Closed KrishnenduGhosh closed 8 years ago
Hi @KrishnenduGhosh
Rish (the second author) worked on the BM baseline method for this project. I remember that he spent quite a bit of time tuning the BM baseline and preprocessing.
Could you email Rish (hrishjoshi2@gmail.com and hjoshi@mit.edu) for more information about the Lucene set-up? Sorry about the inconvenience.
@KrishnenduGhosh I could also help to email him as well. Just let me know your email address.
@taolei87 My email address is: kghosh.cs@gmail.com / kghosh.cs@iitkgp.ac.in
Hi Tao Lei,
Recently I was trying to develop a Lucene based BM25 baseline method using the Askubunbtu dataset you provided.

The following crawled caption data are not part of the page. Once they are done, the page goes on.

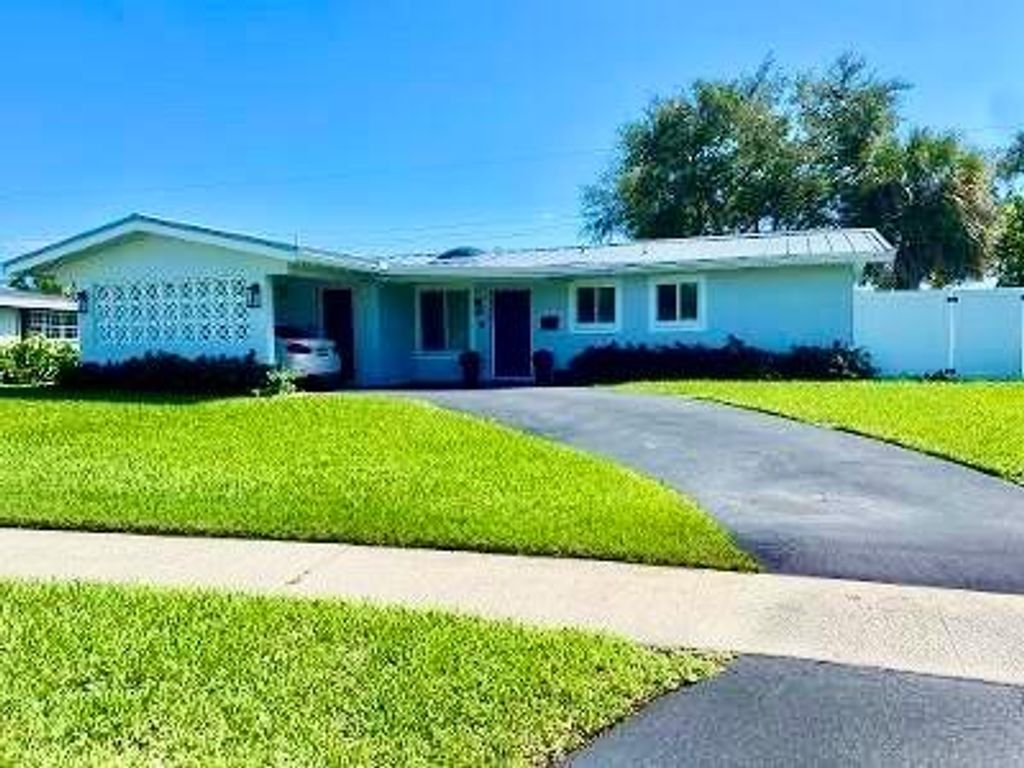 Photo of 820 SW 2nd Street, Boca Raton, FL 33486 (MLS # R10954281)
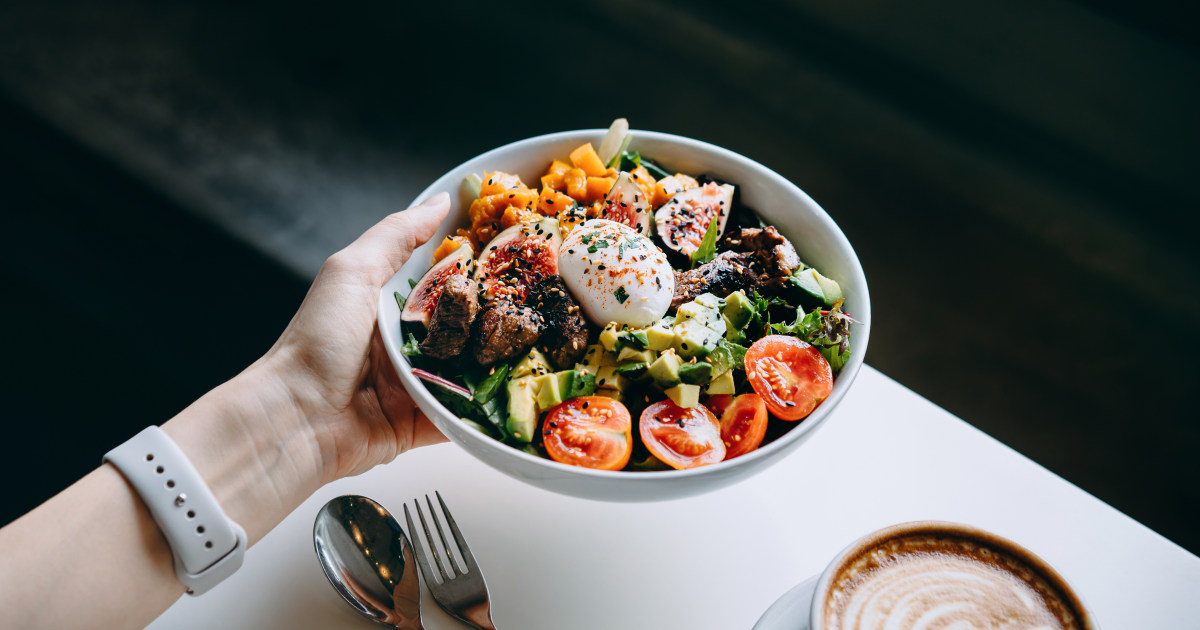 5 Aliments qui Boostent le Collagène Mieux que les Suppléments, selon un Dermatologue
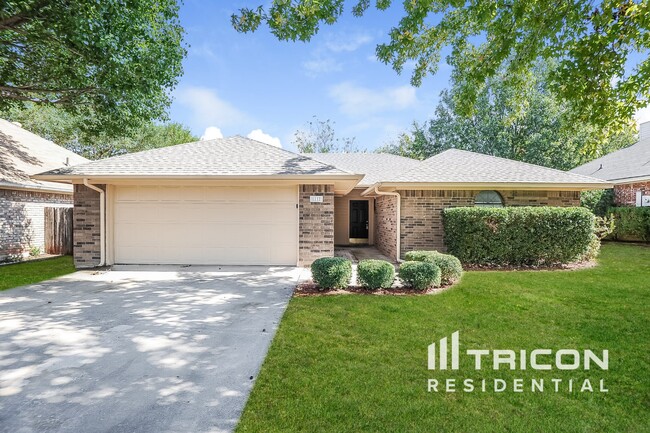 property at 1112 Brittany Dr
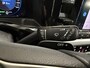 Volkswagen Multivan 1.4 eHybrid Life 7p. PANO/TREKHAAK/SOH 91%/H&K/EL.SCHUIFDEUREN/IQ-LIGHT/ACC/KEYLESS/CAMERA/17"BLACK/EL.A.KLEP/TWO-TONE FORTANA RED-DEEP BLACK/NET BEURT GEHAD BIJ VW DEALER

While writing the indexwriter I used title+body from all the 167765 questions and while testing I searched for title+body for all the 189 queries (11 queries have no similar questions). The indexsearcher similarity I set as BM25similarity in Apache Lucene 6.1.0. I have used all Lucene settings as default apart from the analyzer (EnglishAnalyzer).
But the problem is: I am getting a MAP value of around 0.11 which is not at all comparable to the performance you mentioned for BM25. Hence, I feel that somewhere I am missing some steps. Can you please help me in that issue?